Dopo tre decenni di riforme a favore del mercato, la povertà estrema in Cina è stata praticamente sradicata, quindi il presidente Xi Jinping ha ora la leva per spostare la sua attenzione sulla riduzione del divario di ricchezza nella società cinese. In un discorso al Partito comunista cinese ad agosto, Xi ha propagandato la "prosperità comune" per tutti i cinesi come un requisito essenziale del socialismo e della modernizzazione.

Gli esperti occidentali hanno accolto con favore la spinta della Cina per una maggiore ridistribuzione e consumo del reddito, ma hanno anche interpretato la mossa di Xi come un indicatore di una possibile discesa nell'assistenzialismo e di un inasprimento del controllo sul settore privato. Ma questo non è necessariamente il caso, piuttosto il governo cinese ha mostrato una riluttanza ad aumentare considerevolmente le dimensioni del suo welfare state, anche se la sua economia rimane impantanata nel clientelismo. Inoltre, in un'economia in cui il partito al governo controlla anche enormi porzioni dell'economia, i tentativi di ridistribuire parte di quella ricchezza non significano necessariamente un nuovo giro di vite sul settore privato.


Che cos'è la “prosperità comune”?

Ma prima esaminiamo cosa intende Xi per "prosperità comune". Il concetto è stato introdotto per la prima volta dal leader rivoluzionario Mao Zedong negli anni '50 con l'obiettivo di rendere la Cina prospera in modo egualitario.
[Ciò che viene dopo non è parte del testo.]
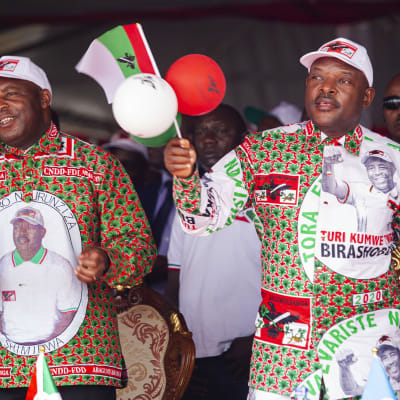 Kuvassa kampanjoidaan Burundissa.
Non c'è da stupirsi che non abbia funzionato come sperato. Nel 1986 il leader riformista Deng Xiaoping riprese lo slogan di Mao per consentire ad alcune persone e regioni di arricchirsi in modo che potessero aiutare gli altri a recuperare il ritardo e raggiungere più velocemente la "prosperità comune". Le riforme del mercato hanno liberato l'iniziativa privata e portato circa tre decenni di crescita sfrenata. Durante questi ultimi, il prodotto interno lordo (PIL) pro capite della Cina è aumentato di circa quaranta volte, superando i $10.000, cinque volte più del livello raggiunto dall'India nello stesso periodo.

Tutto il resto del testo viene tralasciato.